Of the lines in the data below, write out exactly those from the one holding "Fairfield Inn &" through the one holding "NJ23WBE Tesla Model", both included.

[DATA IN THIS EXERCISE Boundary: Start]

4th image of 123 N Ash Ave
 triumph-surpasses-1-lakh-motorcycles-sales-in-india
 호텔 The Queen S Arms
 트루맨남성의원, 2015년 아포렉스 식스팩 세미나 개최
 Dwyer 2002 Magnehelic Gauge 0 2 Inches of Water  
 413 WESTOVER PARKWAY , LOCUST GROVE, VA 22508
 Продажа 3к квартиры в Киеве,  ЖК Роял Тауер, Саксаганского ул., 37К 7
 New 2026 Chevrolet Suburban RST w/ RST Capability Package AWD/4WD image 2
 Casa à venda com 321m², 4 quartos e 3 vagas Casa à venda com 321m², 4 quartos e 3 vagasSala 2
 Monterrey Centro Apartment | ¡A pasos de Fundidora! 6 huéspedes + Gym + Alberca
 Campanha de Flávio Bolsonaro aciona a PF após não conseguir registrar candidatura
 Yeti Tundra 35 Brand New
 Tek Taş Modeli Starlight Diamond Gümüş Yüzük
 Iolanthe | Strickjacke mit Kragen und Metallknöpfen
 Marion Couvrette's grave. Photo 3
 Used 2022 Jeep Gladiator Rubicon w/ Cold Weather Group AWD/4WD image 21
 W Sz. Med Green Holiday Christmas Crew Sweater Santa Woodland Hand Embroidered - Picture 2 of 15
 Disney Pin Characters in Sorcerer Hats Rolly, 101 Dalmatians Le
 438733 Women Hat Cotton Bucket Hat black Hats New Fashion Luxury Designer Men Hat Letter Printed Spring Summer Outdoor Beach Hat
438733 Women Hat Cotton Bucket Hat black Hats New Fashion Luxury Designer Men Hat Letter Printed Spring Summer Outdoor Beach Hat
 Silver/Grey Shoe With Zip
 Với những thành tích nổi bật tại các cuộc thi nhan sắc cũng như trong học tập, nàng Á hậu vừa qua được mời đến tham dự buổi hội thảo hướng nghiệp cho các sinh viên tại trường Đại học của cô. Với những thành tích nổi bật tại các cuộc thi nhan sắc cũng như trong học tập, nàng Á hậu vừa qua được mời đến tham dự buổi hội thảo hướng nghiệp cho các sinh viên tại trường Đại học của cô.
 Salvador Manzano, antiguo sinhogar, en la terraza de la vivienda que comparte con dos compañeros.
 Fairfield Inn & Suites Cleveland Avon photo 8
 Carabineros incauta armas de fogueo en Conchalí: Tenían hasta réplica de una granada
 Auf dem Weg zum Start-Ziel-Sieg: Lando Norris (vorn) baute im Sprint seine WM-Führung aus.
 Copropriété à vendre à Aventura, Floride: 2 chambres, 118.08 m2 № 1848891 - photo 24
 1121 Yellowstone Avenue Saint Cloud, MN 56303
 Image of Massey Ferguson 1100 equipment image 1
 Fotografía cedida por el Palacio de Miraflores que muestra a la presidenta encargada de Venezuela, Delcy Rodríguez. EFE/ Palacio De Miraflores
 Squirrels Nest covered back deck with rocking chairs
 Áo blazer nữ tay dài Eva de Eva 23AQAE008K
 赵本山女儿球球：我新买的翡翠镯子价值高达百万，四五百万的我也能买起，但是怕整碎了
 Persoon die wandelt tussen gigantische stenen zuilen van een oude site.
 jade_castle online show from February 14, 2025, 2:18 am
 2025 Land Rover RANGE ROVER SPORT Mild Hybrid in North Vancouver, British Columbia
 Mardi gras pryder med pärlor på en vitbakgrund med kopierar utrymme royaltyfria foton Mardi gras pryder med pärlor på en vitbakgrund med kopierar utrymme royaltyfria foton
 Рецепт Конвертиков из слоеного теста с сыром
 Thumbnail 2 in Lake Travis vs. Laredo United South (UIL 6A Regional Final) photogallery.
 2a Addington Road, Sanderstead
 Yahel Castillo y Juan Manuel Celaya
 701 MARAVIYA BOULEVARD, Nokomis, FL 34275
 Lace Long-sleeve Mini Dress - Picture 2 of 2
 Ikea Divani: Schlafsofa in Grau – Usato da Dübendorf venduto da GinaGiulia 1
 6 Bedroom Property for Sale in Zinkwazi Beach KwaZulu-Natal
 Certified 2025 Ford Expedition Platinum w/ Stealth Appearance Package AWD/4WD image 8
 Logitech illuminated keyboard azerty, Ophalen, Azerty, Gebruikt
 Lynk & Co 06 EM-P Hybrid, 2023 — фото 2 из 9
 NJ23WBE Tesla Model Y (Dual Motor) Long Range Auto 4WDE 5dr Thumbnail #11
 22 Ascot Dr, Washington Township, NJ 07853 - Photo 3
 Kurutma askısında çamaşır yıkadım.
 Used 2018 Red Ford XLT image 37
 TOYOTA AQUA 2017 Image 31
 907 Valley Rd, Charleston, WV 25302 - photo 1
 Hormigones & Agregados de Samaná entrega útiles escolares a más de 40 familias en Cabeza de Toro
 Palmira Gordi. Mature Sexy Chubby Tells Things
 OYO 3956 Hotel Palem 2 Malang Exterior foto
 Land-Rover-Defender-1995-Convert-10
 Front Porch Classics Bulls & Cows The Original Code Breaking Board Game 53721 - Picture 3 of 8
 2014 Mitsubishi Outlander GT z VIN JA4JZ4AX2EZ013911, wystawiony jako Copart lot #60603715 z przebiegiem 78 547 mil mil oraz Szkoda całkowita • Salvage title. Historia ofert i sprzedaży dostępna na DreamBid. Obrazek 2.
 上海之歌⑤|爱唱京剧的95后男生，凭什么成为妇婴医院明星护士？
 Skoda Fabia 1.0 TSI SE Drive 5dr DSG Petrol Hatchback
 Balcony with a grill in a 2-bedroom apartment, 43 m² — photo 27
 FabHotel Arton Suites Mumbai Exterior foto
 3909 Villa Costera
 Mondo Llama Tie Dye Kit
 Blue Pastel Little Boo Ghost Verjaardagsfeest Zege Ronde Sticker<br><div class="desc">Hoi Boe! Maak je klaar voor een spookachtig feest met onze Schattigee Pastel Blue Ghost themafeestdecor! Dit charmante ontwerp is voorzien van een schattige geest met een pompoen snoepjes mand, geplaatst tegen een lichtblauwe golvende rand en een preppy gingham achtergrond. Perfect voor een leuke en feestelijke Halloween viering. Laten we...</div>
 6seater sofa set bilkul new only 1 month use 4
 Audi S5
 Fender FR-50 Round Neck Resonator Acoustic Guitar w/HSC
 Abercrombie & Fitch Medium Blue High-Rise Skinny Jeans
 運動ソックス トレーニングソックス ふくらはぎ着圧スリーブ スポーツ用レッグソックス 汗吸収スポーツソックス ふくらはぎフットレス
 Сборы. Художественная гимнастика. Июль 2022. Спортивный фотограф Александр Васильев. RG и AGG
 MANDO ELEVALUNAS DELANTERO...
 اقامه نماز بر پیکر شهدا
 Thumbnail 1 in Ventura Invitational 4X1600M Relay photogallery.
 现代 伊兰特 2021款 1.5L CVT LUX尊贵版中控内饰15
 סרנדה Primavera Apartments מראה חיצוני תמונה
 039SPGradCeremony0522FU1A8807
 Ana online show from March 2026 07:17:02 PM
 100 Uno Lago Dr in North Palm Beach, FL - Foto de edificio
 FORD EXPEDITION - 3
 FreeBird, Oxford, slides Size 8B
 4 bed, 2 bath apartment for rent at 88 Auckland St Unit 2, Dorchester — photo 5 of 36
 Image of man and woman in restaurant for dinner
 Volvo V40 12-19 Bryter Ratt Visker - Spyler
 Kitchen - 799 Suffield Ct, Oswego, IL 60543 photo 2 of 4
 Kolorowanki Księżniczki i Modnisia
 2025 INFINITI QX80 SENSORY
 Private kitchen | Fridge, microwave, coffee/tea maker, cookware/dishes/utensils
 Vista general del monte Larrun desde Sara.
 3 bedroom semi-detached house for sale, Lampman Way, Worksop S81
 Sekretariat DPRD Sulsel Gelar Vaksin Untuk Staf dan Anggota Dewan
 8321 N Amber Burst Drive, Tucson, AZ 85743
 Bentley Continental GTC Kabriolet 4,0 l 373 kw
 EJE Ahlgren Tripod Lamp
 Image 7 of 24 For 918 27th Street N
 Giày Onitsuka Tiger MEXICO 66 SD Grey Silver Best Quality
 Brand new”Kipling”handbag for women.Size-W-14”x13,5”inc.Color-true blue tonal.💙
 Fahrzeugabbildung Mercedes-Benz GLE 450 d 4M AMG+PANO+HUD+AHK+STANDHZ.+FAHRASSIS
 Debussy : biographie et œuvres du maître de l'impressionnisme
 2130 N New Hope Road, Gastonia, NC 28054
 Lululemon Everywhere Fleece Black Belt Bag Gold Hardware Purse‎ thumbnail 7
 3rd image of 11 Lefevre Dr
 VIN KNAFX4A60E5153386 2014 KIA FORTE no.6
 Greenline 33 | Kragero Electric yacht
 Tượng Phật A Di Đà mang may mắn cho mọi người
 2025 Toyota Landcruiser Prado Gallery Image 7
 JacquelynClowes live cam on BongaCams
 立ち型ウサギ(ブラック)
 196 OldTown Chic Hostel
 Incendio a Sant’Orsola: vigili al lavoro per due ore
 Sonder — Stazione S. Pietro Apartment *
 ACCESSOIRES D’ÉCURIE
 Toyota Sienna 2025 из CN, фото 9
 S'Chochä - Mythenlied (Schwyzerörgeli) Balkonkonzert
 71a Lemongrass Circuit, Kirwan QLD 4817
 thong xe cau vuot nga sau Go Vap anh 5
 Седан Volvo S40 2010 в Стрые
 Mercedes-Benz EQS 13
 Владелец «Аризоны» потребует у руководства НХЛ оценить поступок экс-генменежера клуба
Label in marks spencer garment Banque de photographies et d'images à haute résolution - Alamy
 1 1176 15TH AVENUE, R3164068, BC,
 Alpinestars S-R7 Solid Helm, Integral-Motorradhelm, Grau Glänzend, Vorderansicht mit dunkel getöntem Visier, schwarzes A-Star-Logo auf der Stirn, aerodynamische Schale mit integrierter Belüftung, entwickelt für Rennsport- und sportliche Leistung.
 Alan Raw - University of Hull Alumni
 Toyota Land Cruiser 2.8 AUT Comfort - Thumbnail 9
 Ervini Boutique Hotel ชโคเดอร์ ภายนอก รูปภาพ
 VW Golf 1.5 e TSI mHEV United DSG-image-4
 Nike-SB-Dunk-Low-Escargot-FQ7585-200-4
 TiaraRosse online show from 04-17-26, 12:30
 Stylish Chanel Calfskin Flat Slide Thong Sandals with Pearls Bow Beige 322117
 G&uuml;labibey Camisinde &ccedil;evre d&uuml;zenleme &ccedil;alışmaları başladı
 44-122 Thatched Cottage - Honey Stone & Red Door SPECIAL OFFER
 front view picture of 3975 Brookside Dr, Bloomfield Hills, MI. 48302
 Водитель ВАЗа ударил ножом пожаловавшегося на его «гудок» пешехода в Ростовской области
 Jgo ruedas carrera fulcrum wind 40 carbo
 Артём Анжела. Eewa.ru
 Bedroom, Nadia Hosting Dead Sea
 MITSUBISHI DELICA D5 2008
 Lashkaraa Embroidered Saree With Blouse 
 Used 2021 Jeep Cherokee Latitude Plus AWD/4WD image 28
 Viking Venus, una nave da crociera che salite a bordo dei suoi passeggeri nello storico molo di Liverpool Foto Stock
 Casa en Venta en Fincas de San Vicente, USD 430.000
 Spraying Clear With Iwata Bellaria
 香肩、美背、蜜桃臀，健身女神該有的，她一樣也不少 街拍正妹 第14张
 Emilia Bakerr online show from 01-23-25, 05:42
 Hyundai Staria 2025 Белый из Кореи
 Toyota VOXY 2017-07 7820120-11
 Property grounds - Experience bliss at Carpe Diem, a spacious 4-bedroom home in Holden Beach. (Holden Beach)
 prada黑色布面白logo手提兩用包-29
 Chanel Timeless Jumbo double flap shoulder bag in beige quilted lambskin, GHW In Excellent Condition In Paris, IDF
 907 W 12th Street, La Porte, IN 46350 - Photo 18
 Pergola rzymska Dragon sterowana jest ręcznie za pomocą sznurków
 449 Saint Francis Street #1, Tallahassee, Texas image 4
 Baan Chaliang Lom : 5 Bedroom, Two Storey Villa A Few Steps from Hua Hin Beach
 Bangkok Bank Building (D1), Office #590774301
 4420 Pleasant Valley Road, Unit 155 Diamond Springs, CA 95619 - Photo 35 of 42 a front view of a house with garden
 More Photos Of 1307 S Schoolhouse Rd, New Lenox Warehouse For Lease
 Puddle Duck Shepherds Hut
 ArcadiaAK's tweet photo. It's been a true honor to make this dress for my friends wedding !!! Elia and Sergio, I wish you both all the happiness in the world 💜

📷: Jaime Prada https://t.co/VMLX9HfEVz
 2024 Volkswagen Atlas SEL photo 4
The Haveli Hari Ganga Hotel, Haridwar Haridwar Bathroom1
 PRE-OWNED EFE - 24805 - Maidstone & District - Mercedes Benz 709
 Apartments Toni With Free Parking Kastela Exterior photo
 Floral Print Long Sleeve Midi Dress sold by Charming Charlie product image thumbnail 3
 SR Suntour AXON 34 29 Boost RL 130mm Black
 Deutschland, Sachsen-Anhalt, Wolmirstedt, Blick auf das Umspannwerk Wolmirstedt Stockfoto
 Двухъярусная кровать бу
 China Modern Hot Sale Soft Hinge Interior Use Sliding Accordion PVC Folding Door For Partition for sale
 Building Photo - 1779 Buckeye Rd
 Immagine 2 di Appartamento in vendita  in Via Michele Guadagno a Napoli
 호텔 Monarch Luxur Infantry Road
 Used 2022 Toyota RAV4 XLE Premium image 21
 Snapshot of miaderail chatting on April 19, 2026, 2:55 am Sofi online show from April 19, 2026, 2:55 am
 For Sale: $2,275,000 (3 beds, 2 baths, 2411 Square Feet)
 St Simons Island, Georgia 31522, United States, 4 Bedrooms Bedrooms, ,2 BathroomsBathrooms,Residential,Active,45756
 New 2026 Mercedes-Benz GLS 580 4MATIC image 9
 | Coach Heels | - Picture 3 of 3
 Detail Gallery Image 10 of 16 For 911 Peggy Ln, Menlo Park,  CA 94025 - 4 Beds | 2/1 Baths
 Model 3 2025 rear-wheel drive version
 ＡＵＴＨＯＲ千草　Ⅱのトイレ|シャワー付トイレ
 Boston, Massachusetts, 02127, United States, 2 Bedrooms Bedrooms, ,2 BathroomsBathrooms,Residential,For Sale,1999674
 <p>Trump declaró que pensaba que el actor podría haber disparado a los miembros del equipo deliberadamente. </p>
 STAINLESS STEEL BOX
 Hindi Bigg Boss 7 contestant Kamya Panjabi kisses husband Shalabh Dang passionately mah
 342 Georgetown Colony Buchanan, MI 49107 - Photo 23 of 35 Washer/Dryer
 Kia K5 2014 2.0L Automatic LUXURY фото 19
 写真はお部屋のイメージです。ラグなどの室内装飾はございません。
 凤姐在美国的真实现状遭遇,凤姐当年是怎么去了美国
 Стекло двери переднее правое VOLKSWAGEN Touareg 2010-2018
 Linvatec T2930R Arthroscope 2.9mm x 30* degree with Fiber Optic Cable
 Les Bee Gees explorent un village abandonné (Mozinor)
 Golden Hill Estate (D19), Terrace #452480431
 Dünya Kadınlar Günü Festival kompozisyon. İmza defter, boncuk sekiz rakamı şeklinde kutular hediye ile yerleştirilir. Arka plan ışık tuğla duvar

[DATA IN THIS EXERCISE Boundary: End]

EXPECTED OUTPUT:
 Fairfield Inn & Suites Cleveland Avon photo 8
 Carabineros incauta armas de fogueo en Conchalí: Tenían hasta réplica de una granada
 Auf dem Weg zum Start-Ziel-Sieg: Lando Norris (vorn) baute im Sprint seine WM-Führung aus.
 Copropriété à vendre à Aventura, Floride: 2 chambres, 118.08 m2 № 1848891 - photo 24
 1121 Yellowstone Avenue Saint Cloud, MN 56303
 Image of Massey Ferguson 1100 equipment image 1
 Fotografía cedida por el Palacio de Miraflores que muestra a la presidenta encargada de Venezuela, Delcy Rodríguez. EFE/ Palacio De Miraflores
 Squirrels Nest covered back deck with rocking chairs
 Áo blazer nữ tay dài Eva de Eva 23AQAE008K
 赵本山女儿球球：我新买的翡翠镯子价值高达百万，四五百万的我也能买起，但是怕整碎了
 Persoon die wandelt tussen gigantische stenen zuilen van een oude site.
 jade_castle online show from February 14, 2025, 2:18 am
 2025 Land Rover RANGE ROVER SPORT Mild Hybrid in North Vancouver, British Columbia
 Mardi gras pryder med pärlor på en vitbakgrund med kopierar utrymme royaltyfria foton Mardi gras pryder med pärlor på en vitbakgrund med kopierar utrymme royaltyfria foton
 Рецепт Конвертиков из слоеного теста с сыром
 Thumbnail 2 in Lake Travis vs. Laredo United South (UIL 6A Regional Final) photogallery.
 2a Addington Road, Sanderstead
 Yahel Castillo y Juan Manuel Celaya
 701 MARAVIYA BOULEVARD, Nokomis, FL 34275
 Lace Long-sleeve Mini Dress - Picture 2 of 2
 Ikea Divani: Schlafsofa in Grau – Usato da Dübendorf venduto da GinaGiulia 1
 6 Bedroom Property for Sale in Zinkwazi Beach KwaZulu-Natal
 Certified 2025 Ford Expedition Platinum w/ Stealth Appearance Package AWD/4WD image 8
 Logitech illuminated keyboard azerty, Ophalen, Azerty, Gebruikt
 Lynk & Co 06 EM-P Hybrid, 2023 — фото 2 из 9
 NJ23WBE Tesla Model Y (Dual Motor) Long Range Auto 4WDE 5dr Thumbnail #11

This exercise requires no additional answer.